Canadian filmmaker Paul Manly is working with the Council of Canadians on a film called Trading Democracy for Corporate Rule which examines the Security and Prosperity Partnership and other destructive trade agreements the Canadian government is implementing.
Manly is the activist who shot the scandalous film footage of the Canadian police provocateurs at the Montebello trade summit who were dressed-up like anarchist protesters, inciting violence for the cameras in an apparent attempt to discredit the peaceful protesters. Yesterday the Globe & Mail ran a great article on the incident and Manly’s upcoming film.
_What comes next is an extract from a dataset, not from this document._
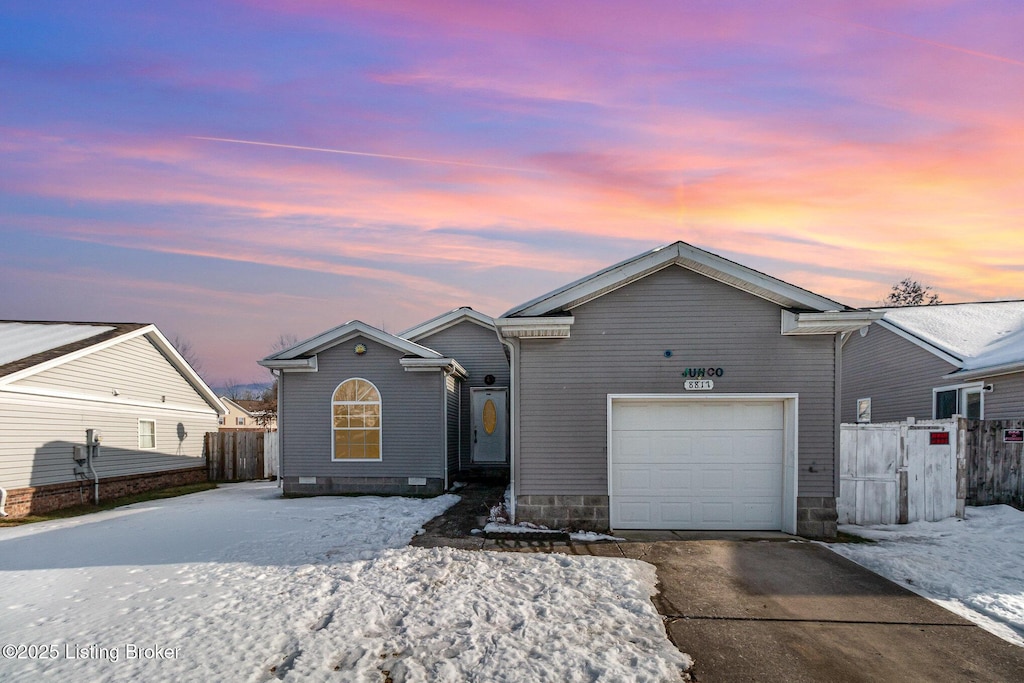 ranch-style home with a garage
Paul is a friend of mine from university and has always been a brilliant filmmaker, so I’m excited to see the end result of his partnership with the Council. He has posted the first chapter of his film, Ten Reasons to Oppose the SPP and TILMA, up on YouTube with this description,
This 10 minute video is a summary of the top ten reasons to oppose the two worst trade agreements in Canadian history, TILMA (the Trade, Investment and Labour Mobility Agreement) and the SPP (the Security and Prosperity Partnership). It is the first chapter of the documentary ‘Trading Democracy for Corporate Rule’, and it describes 10 areas and issues that will be impacted by these agreements. Several experts voice their concerns and send an alarming message to Canadians that it is time to put an end to undemocratic trade deals that are developed with input from only the largest corporations.